Validation and expressiveness: Additional quantitative experiments are necessary to improve the evaluation of the achieved results on the side of pedestrian simulation, toward a validation of the model or the acquisition of new objectives for model improvement. Moreover, there might be different situations (especially environmental geometries). For instance, none of the environments we described proposed round walls; we just employed straight ones. Here, the agents trained through the approach described in this paper might not be able to produce realistic behaviors.

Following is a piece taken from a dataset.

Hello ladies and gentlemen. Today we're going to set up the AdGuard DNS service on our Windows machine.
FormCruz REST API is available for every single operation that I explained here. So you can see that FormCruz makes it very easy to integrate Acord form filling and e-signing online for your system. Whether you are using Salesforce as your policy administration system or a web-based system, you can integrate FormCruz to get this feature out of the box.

Overcoming some current behavioral limits: (i) Modeling groups within the simulated pedestrian population is not possible, and preliminary work in this direction suggests that a change in the adopted RL algorithm will be necessary due to the more systematic presence of agent-to-agent interaction, and a multiagent reinforcement learning perspective is necessary [
37]; (ii) dealing with high-density situations, which will also imply more fine tuning Unity-specific parameters for the management of the interaction of 3D articulated models such as those associated with pedestrians; (iii) further exploring the capability of the model to perform way-finding, possibly achieving the capability to adapt to the perceived level of congestion, as discussed by [
13].
Beyond the specific results in the proposed application context, we think that the overall approach can be of wider interest and applicability, at least within a number of situations in which agent-based and multiagent models and technologies have already been applied. Whenever the analyzed system is intrinsically distributed in nature, when it comprises a number of autonomously deciding but interacting entities, the presented approach can represent at least a starting point to the definition of an effective simulation model. As a general comment to the approach, it must be clear that it represents a useful instrument in the management of what we intuitively called the “knowledge bottleneck” about how to define the actions of agents acting and interacting within the simulated environment, Nonetheless, this approach still requires substantial knowledge about the studied domain. In our example, knowledge and experience in the pedestrian and crowd behavior, and in how to measure, evaluate, and analyze it, were instrumental in the definition of a perception and action model, in the definition of the reward function, and in the configuration of the curriculum-based training process.